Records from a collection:
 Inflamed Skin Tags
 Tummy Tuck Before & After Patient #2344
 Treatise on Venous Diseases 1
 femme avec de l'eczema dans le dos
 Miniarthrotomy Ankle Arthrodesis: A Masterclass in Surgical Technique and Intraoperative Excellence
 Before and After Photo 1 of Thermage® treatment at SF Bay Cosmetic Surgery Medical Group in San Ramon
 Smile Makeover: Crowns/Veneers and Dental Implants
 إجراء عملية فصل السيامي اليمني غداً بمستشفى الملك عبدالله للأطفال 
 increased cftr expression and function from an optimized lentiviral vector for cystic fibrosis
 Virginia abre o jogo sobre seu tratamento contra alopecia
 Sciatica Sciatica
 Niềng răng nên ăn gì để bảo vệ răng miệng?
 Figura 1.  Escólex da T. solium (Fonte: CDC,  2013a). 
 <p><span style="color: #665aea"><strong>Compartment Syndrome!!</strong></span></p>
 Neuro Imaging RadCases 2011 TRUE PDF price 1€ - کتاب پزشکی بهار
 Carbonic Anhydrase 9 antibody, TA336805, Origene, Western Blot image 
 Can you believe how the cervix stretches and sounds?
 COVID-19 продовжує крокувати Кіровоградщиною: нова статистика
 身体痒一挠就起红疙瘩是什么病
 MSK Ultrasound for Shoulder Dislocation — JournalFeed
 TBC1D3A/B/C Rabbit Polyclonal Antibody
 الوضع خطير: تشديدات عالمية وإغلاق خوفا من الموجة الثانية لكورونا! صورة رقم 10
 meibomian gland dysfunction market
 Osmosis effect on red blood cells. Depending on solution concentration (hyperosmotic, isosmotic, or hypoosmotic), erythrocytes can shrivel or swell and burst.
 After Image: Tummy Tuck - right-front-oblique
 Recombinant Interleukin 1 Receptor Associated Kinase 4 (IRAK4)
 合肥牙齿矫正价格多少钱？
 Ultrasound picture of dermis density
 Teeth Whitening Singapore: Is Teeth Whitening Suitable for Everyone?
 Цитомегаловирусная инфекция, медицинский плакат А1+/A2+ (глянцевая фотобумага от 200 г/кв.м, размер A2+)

Goal of the exercise: Reproduce the data in full, exactly.

Answer space:
 Inflamed Skin Tags
 Tummy Tuck Before & After Patient #2344
 Treatise on Venous Diseases 1
 femme avec de l'eczema dans le dos
 Miniarthrotomy Ankle Arthrodesis: A Masterclass in Surgical Technique and Intraoperative Excellence
 Before and After Photo 1 of Thermage® treatment at SF Bay Cosmetic Surgery Medical Group in San Ramon
 Smile Makeover: Crowns/Veneers and Dental Implants
 إجراء عملية فصل السيامي اليمني غداً بمستشفى الملك عبدالله للأطفال 
 increased cftr expression and function from an optimized lentiviral vector for cystic fibrosis
 Virginia abre o jogo sobre seu tratamento contra alopecia
 Sciatica Sciatica
 Niềng răng nên ăn gì để bảo vệ răng miệng?
 Figura 1.  Escólex da T. solium (Fonte: CDC,  2013a). 
 <p><span style="color: #665aea"><strong>Compartment Syndrome!!</strong></span></p>
 Neuro Imaging RadCases 2011 TRUE PDF price 1€ - کتاب پزشکی بهار
 Carbonic Anhydrase 9 antibody, TA336805, Origene, Western Blot image 
 Can you believe how the cervix stretches and sounds?
 COVID-19 продовжує крокувати Кіровоградщиною: нова статистика
 身体痒一挠就起红疙瘩是什么病
 MSK Ultrasound for Shoulder Dislocation — JournalFeed
 TBC1D3A/B/C Rabbit Polyclonal Antibody
 الوضع خطير: تشديدات عالمية وإغلاق خوفا من الموجة الثانية لكورونا! صورة رقم 10
 meibomian gland dysfunction market
 Osmosis effect on red blood cells. Depending on solution concentration (hyperosmotic, isosmotic, or hypoosmotic), erythrocytes can shrivel or swell and burst.
 After Image: Tummy Tuck - right-front-oblique
 Recombinant Interleukin 1 Receptor Associated Kinase 4 (IRAK4)
 合肥牙齿矫正价格多少钱？
 Ultrasound picture of dermis density
 Teeth Whitening Singapore: Is Teeth Whitening Suitable for Everyone?
 Цитомегаловирусная инфекция, медицинский плакат А1+/A2+ (глянцевая фотобумага от 200 г/кв.м, размер A2+)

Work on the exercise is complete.